== Task requirements ==
Your output consists solely of the lines from the one that contains "美的电风扇空气循环扇家用宿舍直流低噪立式摇头语音落地扇26新款" to the end of the material, each reproduced exactly; pictures do not belong in it.

== Exercise input ==
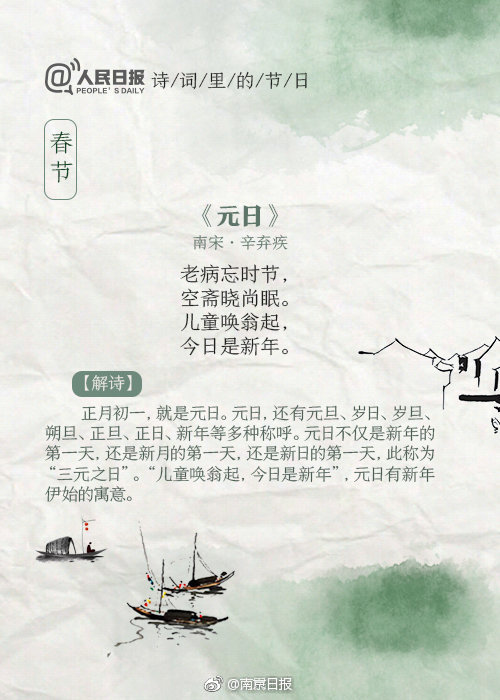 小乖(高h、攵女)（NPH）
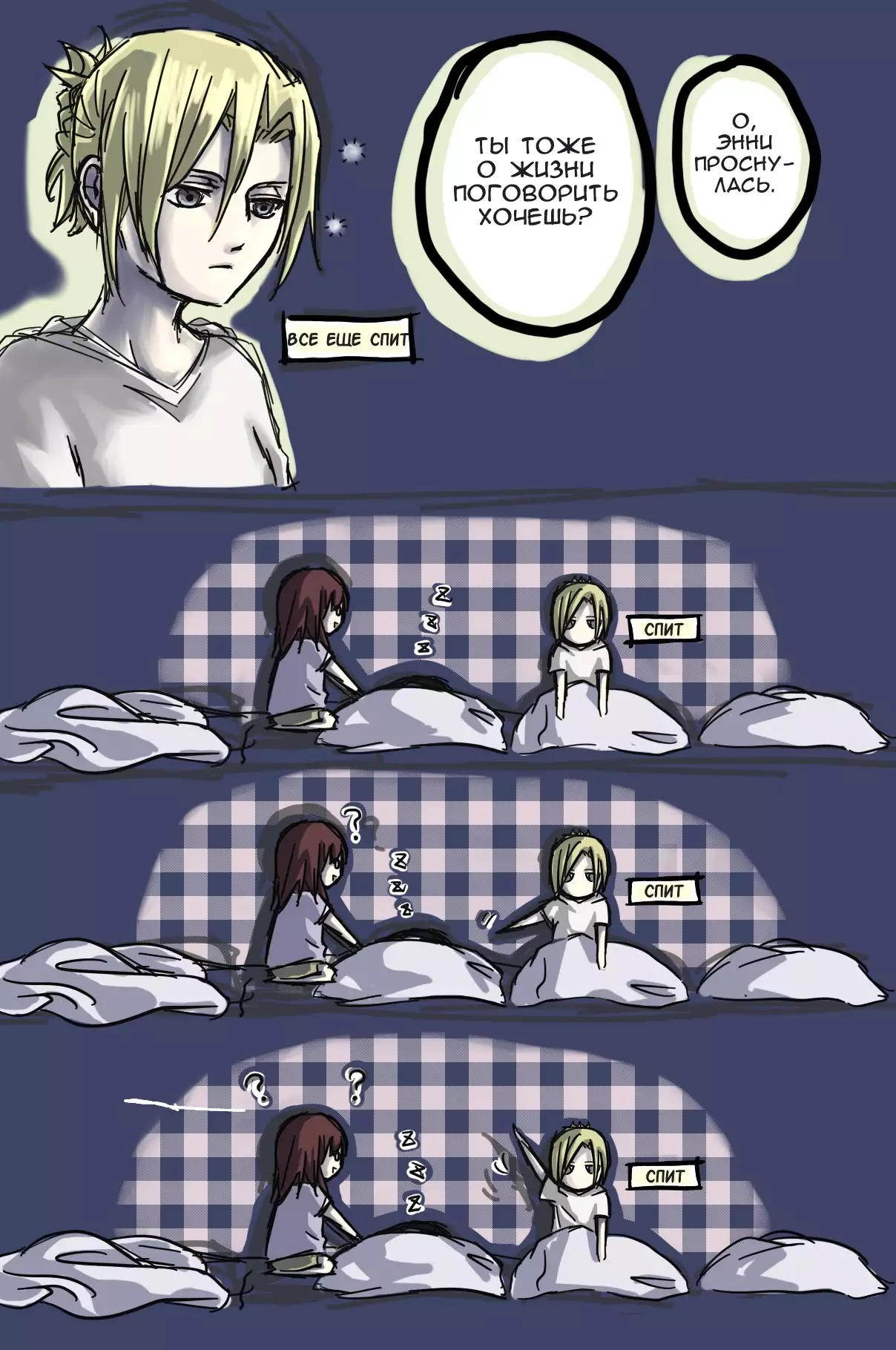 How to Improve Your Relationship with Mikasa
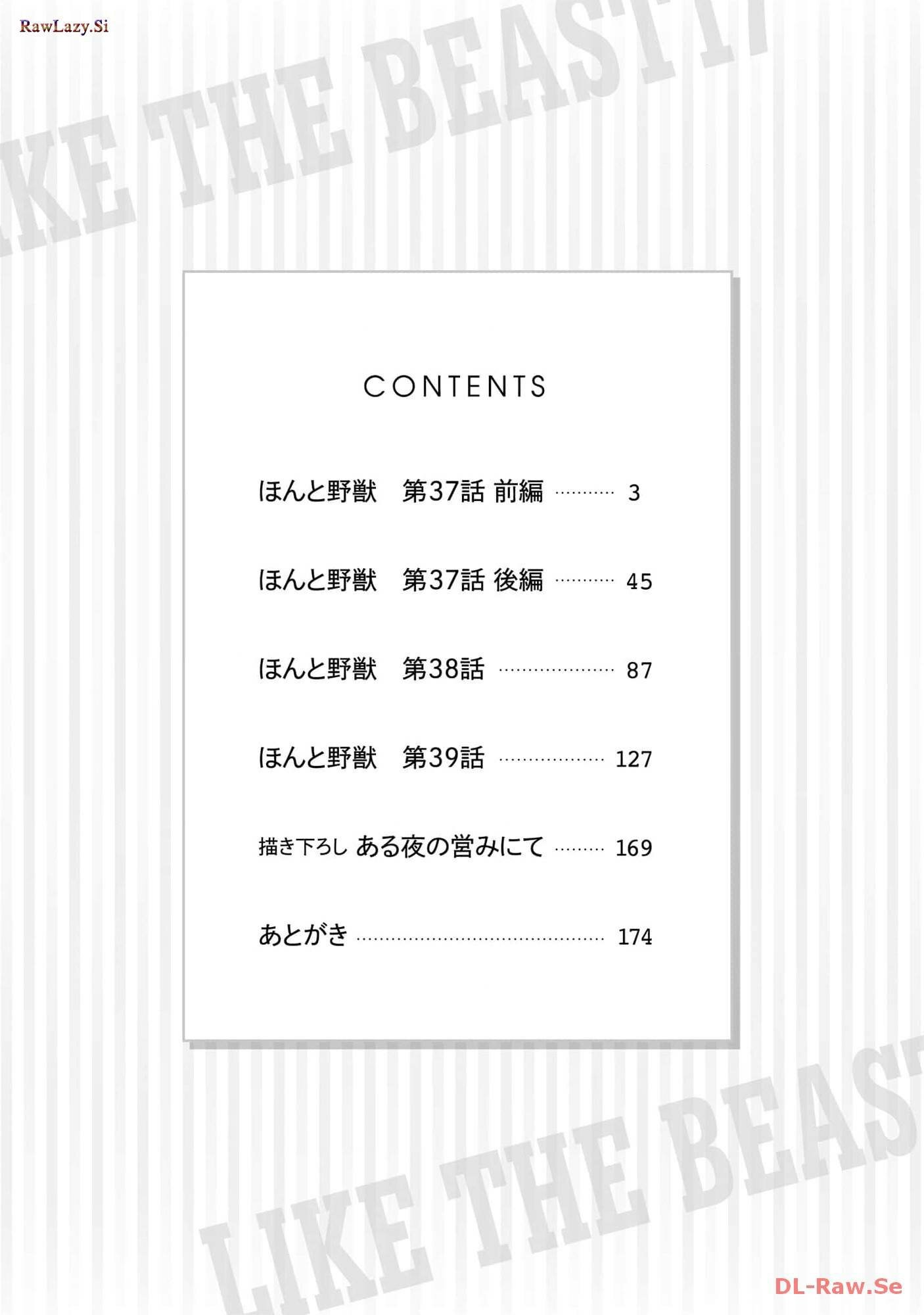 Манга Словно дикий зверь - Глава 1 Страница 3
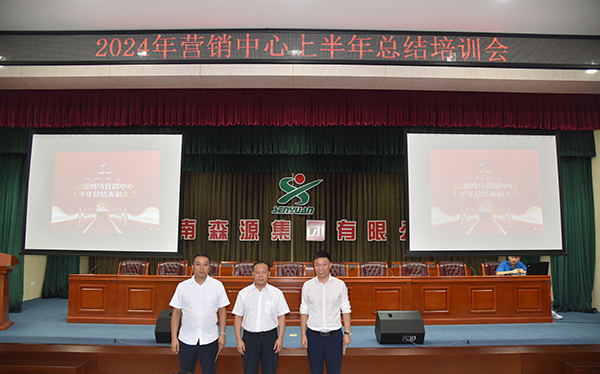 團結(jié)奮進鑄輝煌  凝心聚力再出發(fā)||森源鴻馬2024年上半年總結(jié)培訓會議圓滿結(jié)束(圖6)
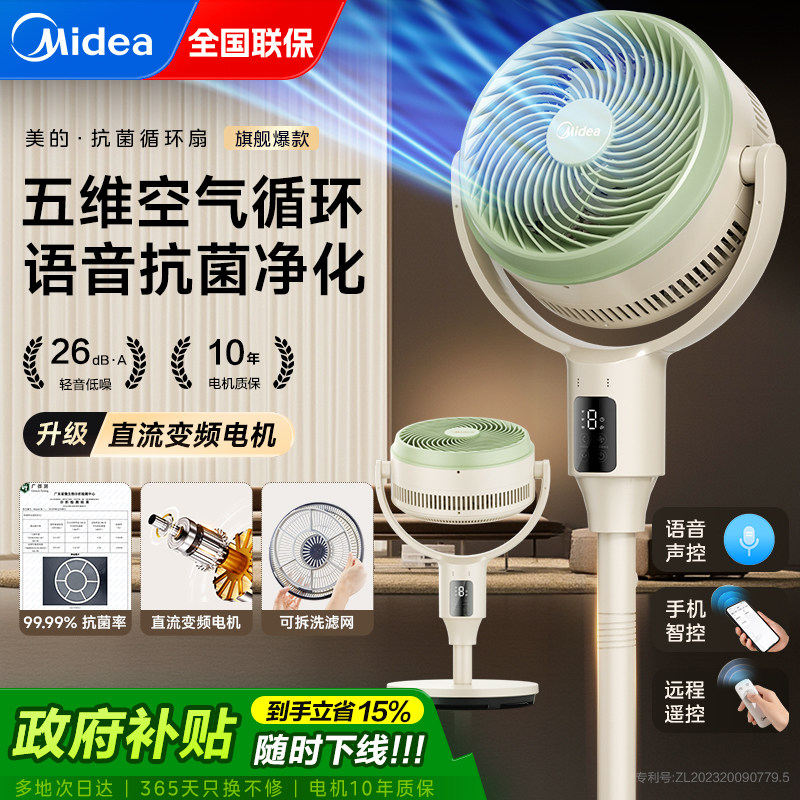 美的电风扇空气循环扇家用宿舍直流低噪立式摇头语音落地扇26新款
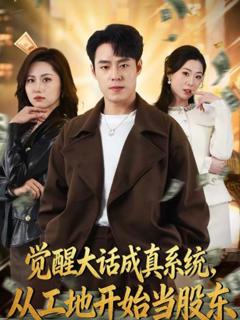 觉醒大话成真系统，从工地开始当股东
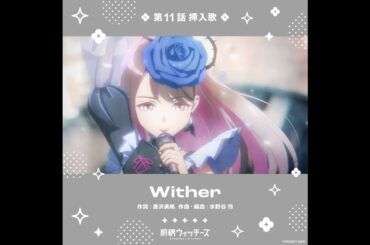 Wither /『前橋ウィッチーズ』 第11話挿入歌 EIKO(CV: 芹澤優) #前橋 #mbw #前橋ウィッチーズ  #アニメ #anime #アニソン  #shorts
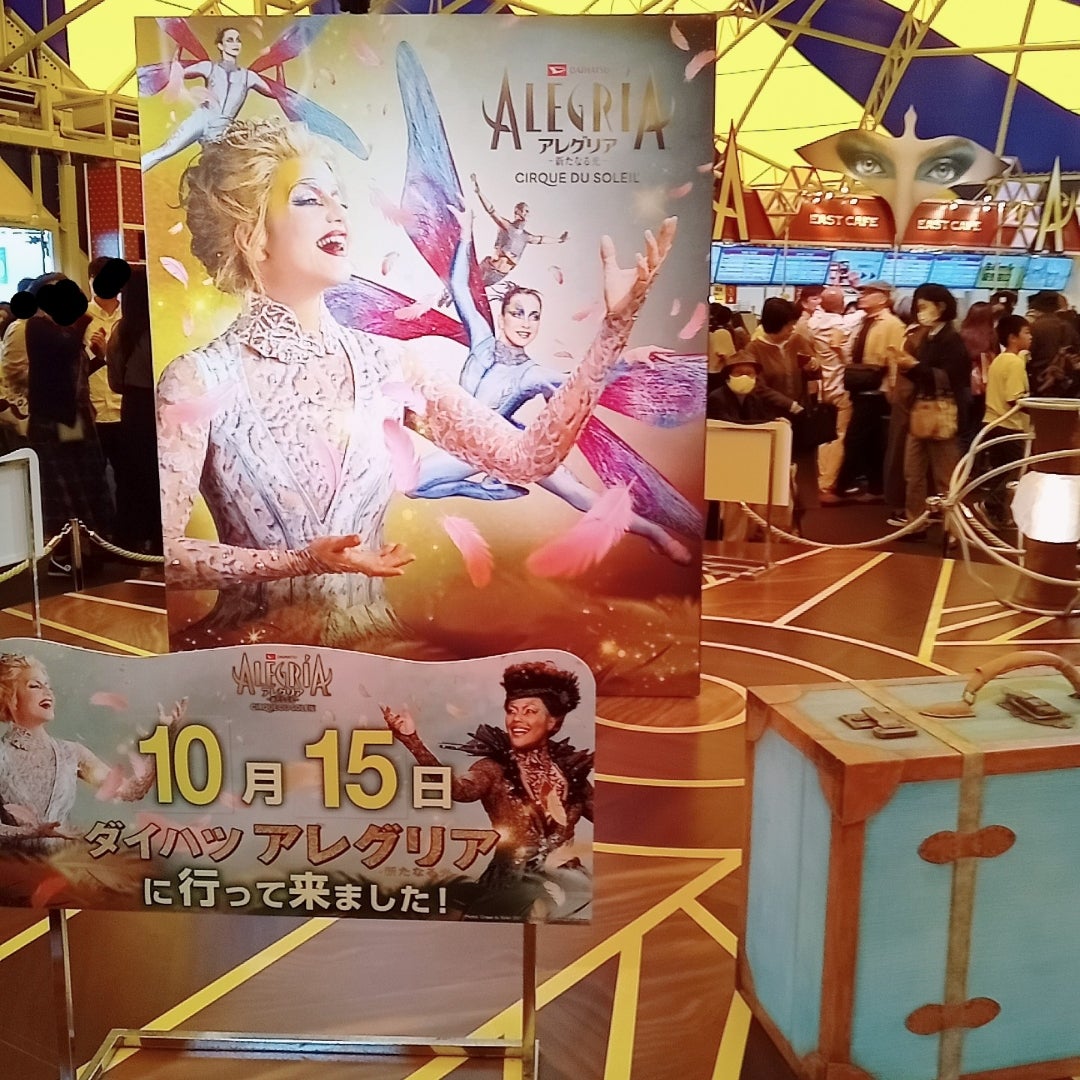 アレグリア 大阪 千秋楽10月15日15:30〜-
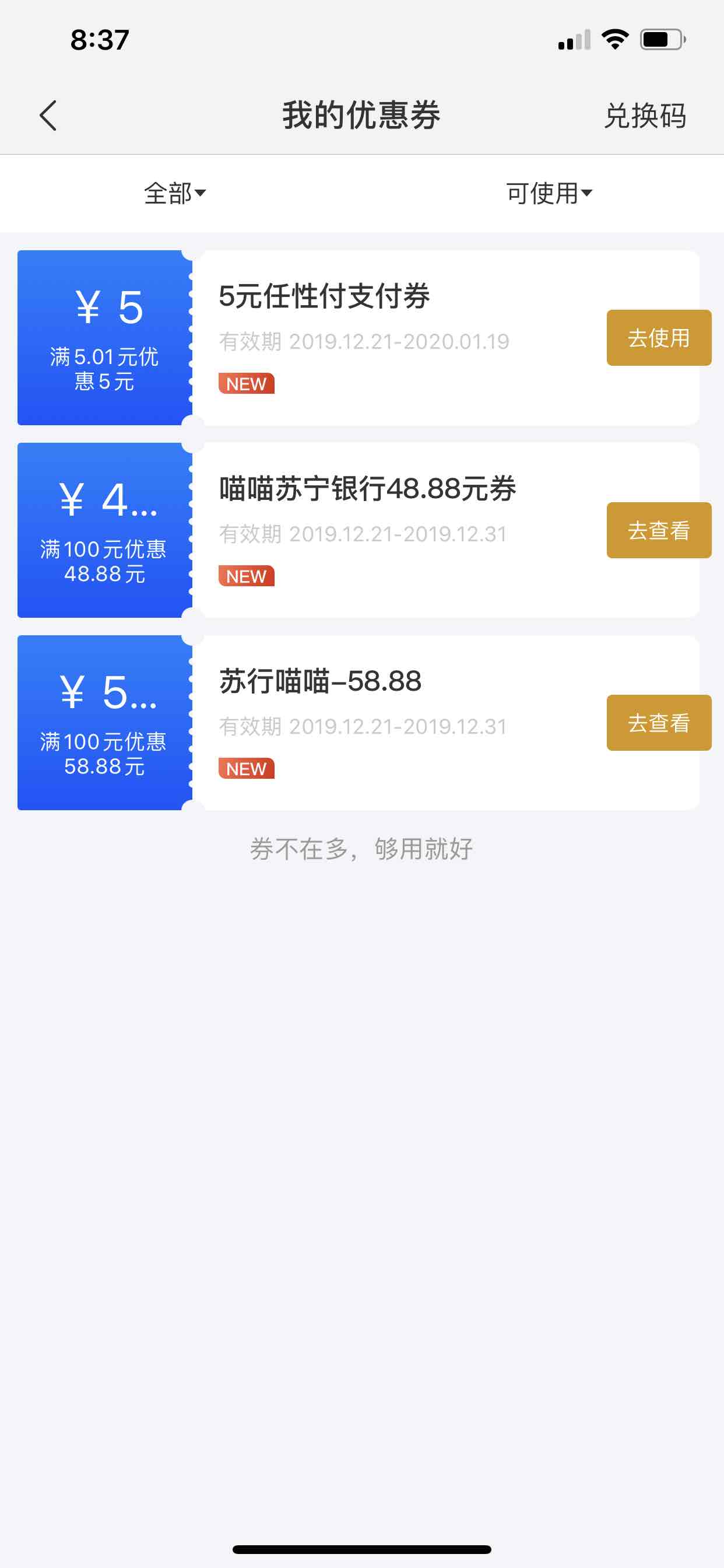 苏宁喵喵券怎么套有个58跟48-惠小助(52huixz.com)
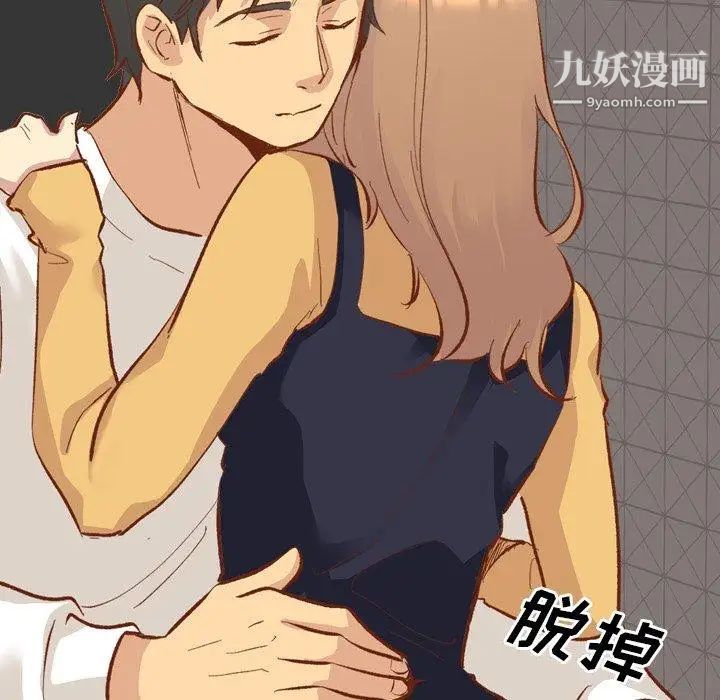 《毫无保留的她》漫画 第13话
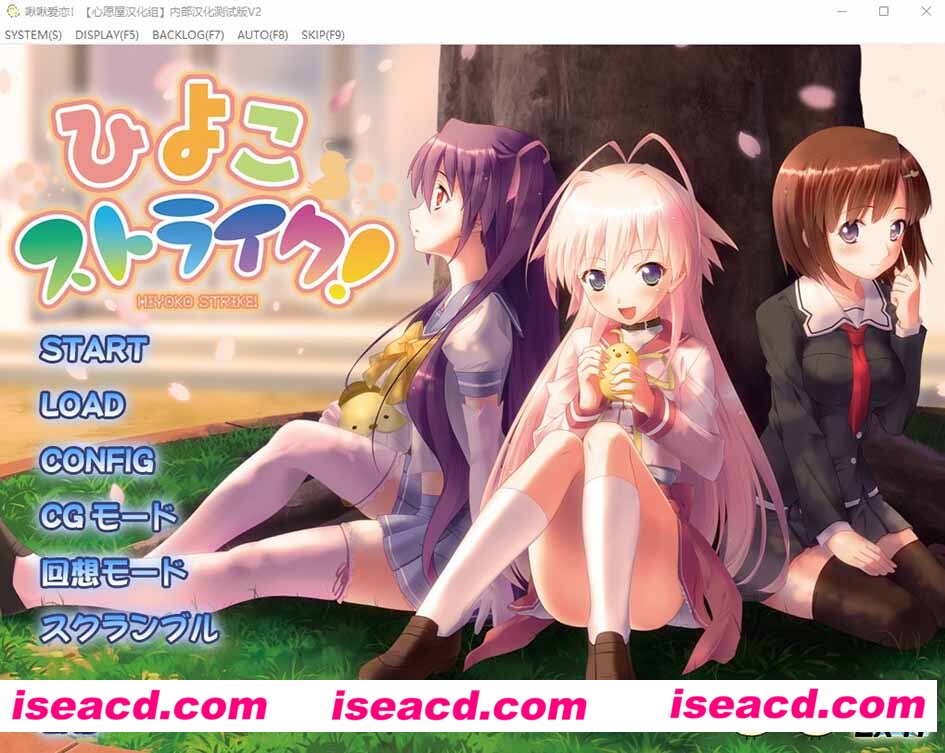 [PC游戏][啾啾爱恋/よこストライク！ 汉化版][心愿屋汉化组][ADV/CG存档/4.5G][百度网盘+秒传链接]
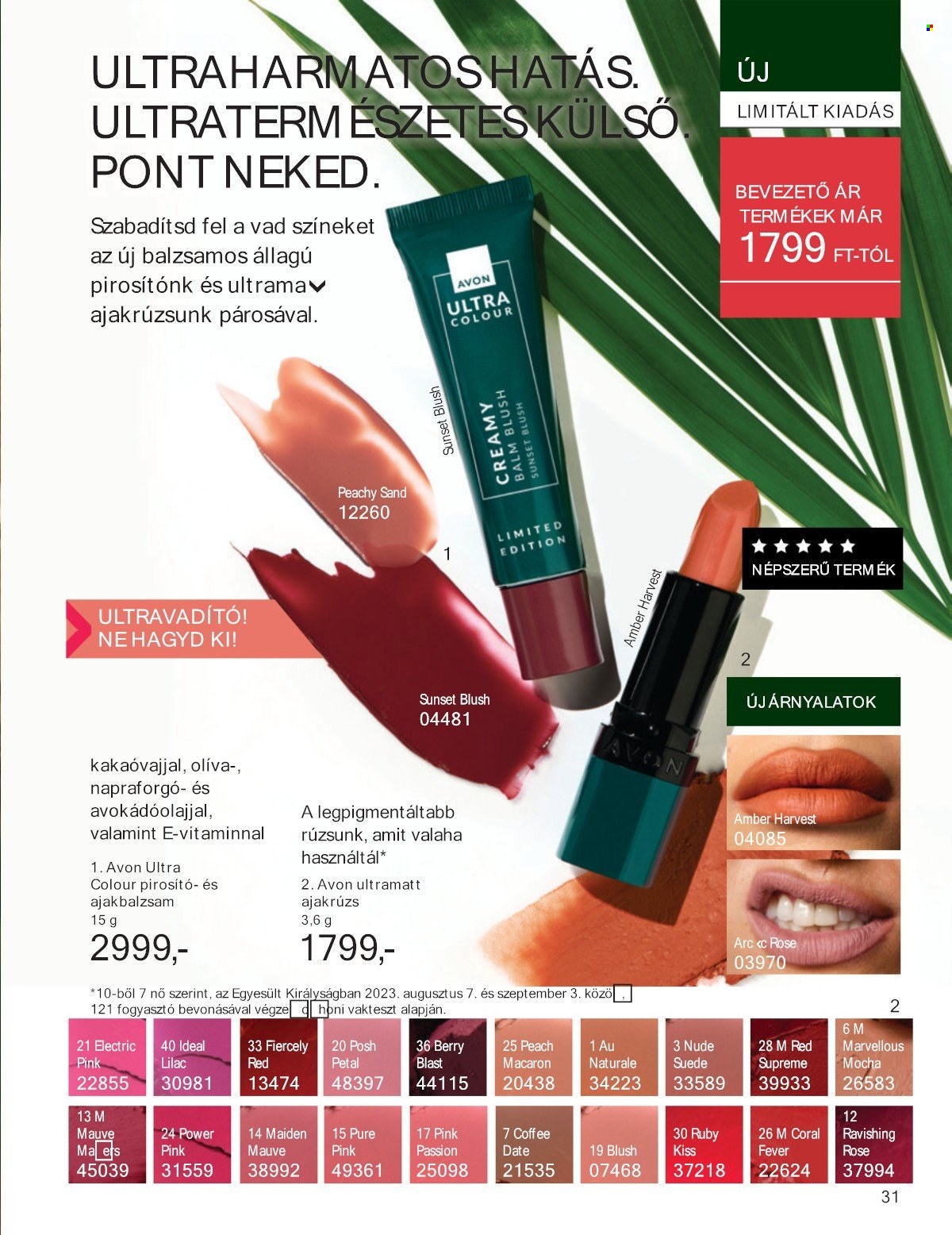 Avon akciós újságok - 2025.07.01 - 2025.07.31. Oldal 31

== Worked solution ==
 美的电风扇空气循环扇家用宿舍直流低噪立式摇头语音落地扇26新款
 觉醒大话成真系统，从工地开始当股东
 Wither /『前橋ウィッチーズ』 第11話挿入歌 EIKO(CV: 芹澤優) #前橋 #mbw #前橋ウィッチーズ  #アニメ #anime #アニソン  #shorts
 アレグリア 大阪 千秋楽10月15日15:30〜-
 苏宁喵喵券怎么套有个58跟48-惠小助(52huixz.com)
 《毫无保留的她》漫画 第13话
 [PC游戏][啾啾爱恋/よこストライク！ 汉化版][心愿屋汉化组][ADV/CG存档/4.5G][百度网盘+秒传链接]
 Avon akciós újságok - 2025.07.01 - 2025.07.31. Oldal 31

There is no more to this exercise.